9. The intelligent job grading method based on multimodal recognition according to claim 8, characterized in that, Logical consistency in the report is determined by the following formula: ; in, To ensure logical consistency in the report corrections, The total number of report items, For the first Logical validity of each report item It is the global arithmetic mean operator.
10. A multimodal recognition-based intelligent job grading system, used to implement the multimodal recognition-based intelligent job grading method as described in any one of claims 1 to 9, characterized in that, include: The coupling degree value acquisition module is used to acquire mixed text and image question data from educational image data through the image acquisition module, process the mixed text and image question data using a preset association strength calculation method, and obtain the coupling degree value; The feature set determination module is used to determine a visually dependent question if the coupling value exceeds a preset threshold, extract graphic elements from the judgment result, and call the visual recognition module to fuse image processing algorithms to analyze handwriting and graphics for the graphic elements to determine the feature set.
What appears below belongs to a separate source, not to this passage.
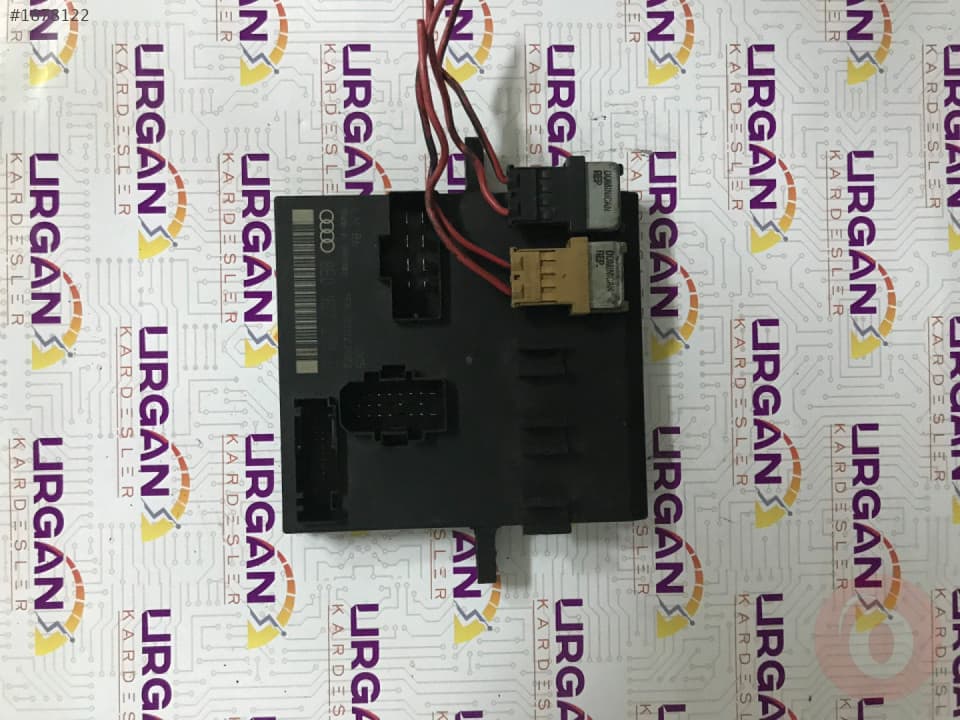 8E0907279 B  AUDI A4  KONFOR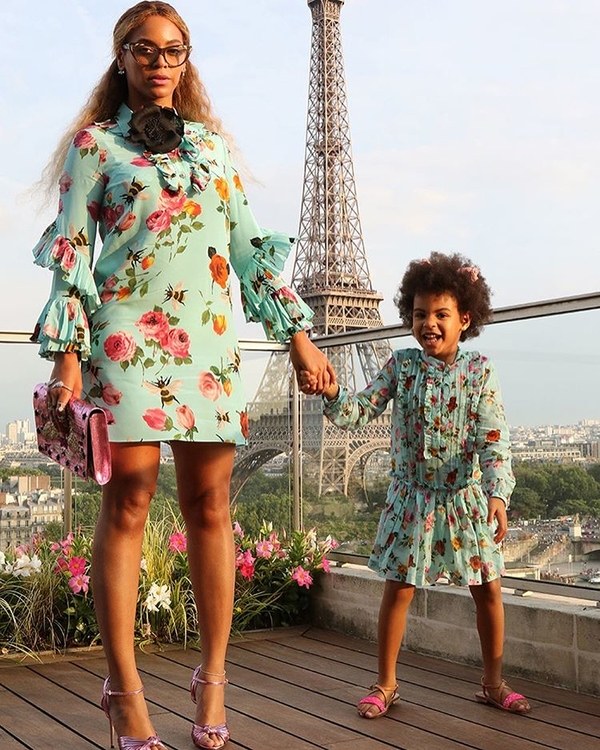 Beyonce i Blue Ivy w takich samych sukienkach Gucci - te zdjęcia są urocze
The grading basis set acquisition module is used to acquire associated knowledge graph nodes based on the recognition feature set, and to process the formulas and text content in the knowledge graph nodes using a text analysis algorithm to match subject rules, thereby obtaining the grading basis set. The preliminary correction result acquisition module is used to generate guiding queries for the correction basis set through a large language model, process the guiding queries using a small model correction link to calculate scores and error points, determine whether the error points involve handwriting deviation, and if handwriting deviation is involved, integrate handwriting correction to obtain preliminary correction results. The extended attribution set acquisition module is used to extract the attribution factors of wrong questions from the preliminary correction results, and to retrieve historical data to supplement similar cases based on the scheduling cache mechanism for the attribution factors of wrong questions, thereby obtaining the extended attribution set. The final correction output determination module is used to generate structured report data based on the extended attribution set, compile the structured report data using the feedback module and incorporate personalized improvement suggestions to determine the final correction output.